Omit all pictures, and print word for word only the lines from the one containing "Bague Salomé (Acier doré)" through the end of the data.
══ Dataset records
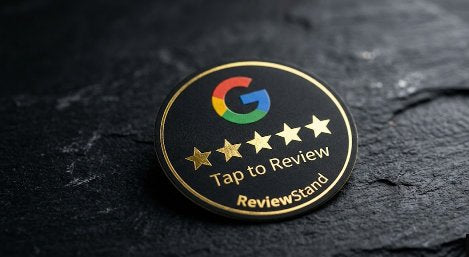 ReviewStand NFC Etiket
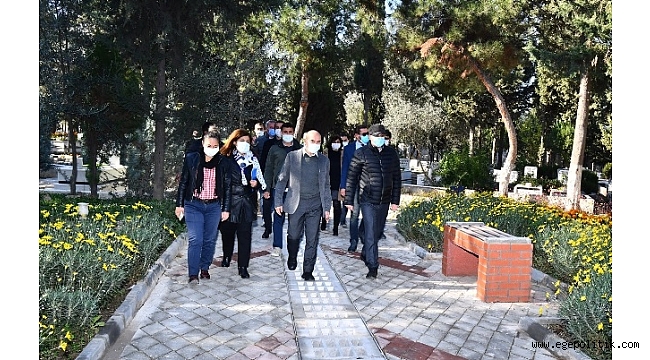 Mezarlıklarda güneş enerjili aydınlatma dönemi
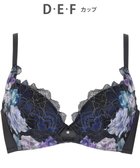 【ワコール/WACOAL】の【ハグするブラ】 ブラジャー 体温を感知してカラダになじむ ハグシート 谷間メイク 脇高設計 ペアショーツあり ブラ レディース BRB488 /ワコール ブラック|ID: prp329100004443989 ipo3291000000031951328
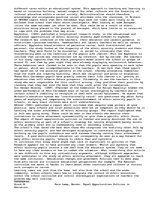 Eseja 'Significance of Race in Education', 4.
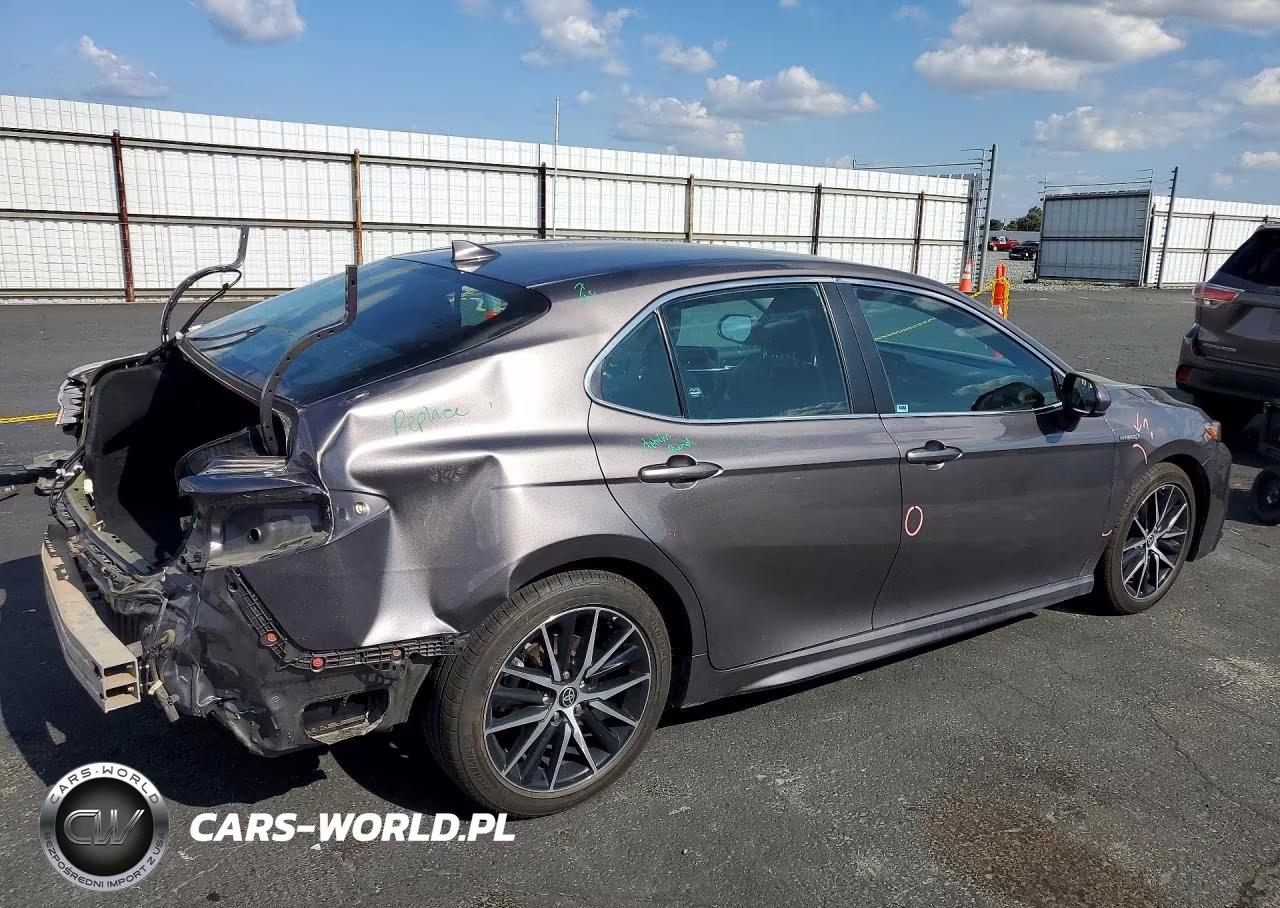 2021 Toyota Camry Se VIN:4T1G31AK0MU561997 - 3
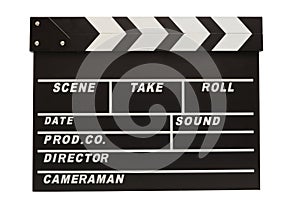 Clapperboard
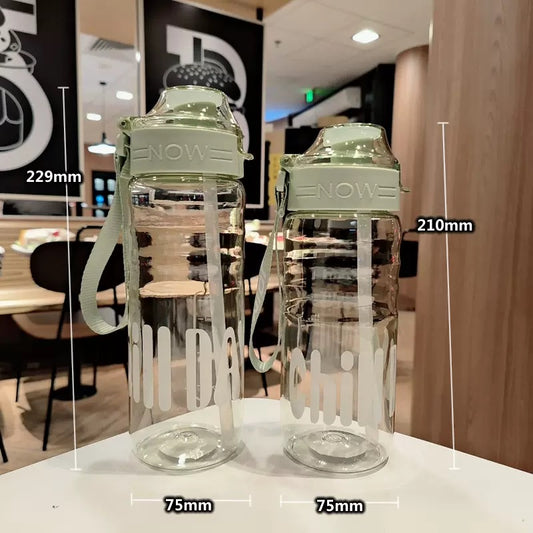 Kawaii Sports Water Bottle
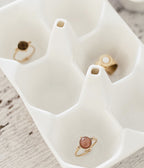 Bague Salomé (Acier doré)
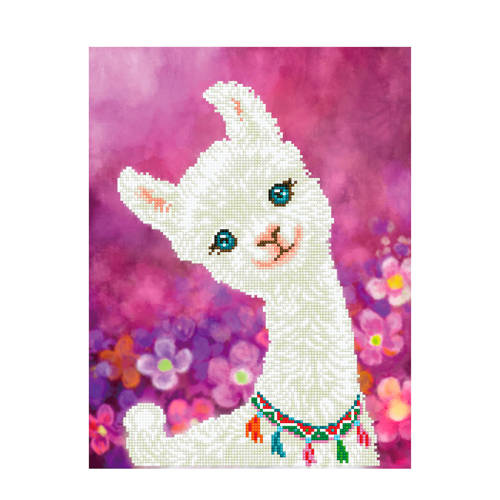 Diamond Dotz Lulu Lama diamond dotz kopen in de aanbieding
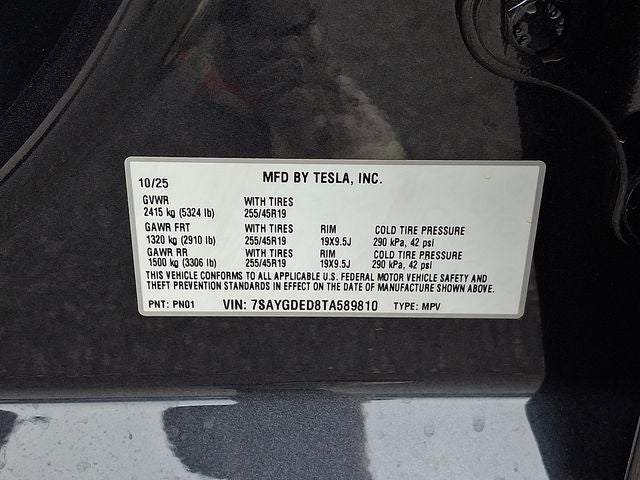 2026 Tesla Model Y Premium
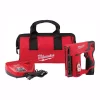 Fastening Tools Milwaukee M12 12-Volt Lithium-Ion Cordless 3/8 In. Crown Stapler Kit W/ (1) 1.5Ah Battery, Charger & Bag 2 Fastening Tools Milwaukee M12 12-Volt Lithium-Ion Cordless 3/8 In. Crown Stapler Kit W/ (1) 1.5Ah Battery, Charger & Bag -Tools Shop milwaukee staple guns 2447 21 64 1000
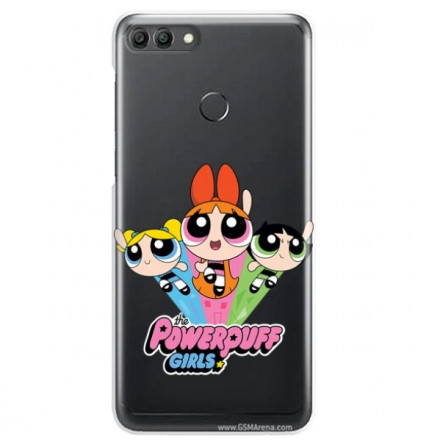 ETUI NA TELEFON HUAWEI Y9 2018 FLA-AL00 CARTOON NETWORK AT158 ATOMÓWKI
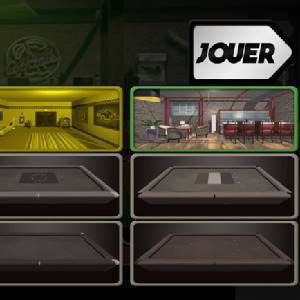 Carom Billiards - Selección de Escenario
════
Exercise answer:
 Bague Salomé (Acier doré)
 Diamond Dotz Lulu Lama diamond dotz kopen in de aanbieding
 2026 Tesla Model Y Premium
 Fastening Tools Milwaukee M12 12-Volt Lithium-Ion Cordless 3/8 In. Crown Stapler Kit W/ (1) 1.5Ah Battery, Charger & Bag 2 Fastening Tools Milwaukee M12 12-Volt Lithium-Ion Cordless 3/8 In. Crown Stapler Kit W/ (1) 1.5Ah Battery, Charger & Bag -Tools Shop milwaukee staple guns 2447 21 64 1000
 ETUI NA TELEFON HUAWEI Y9 2018 FLA-AL00 CARTOON NETWORK AT158 ATOMÓWKI
 Carom Billiards - Selección de Escenario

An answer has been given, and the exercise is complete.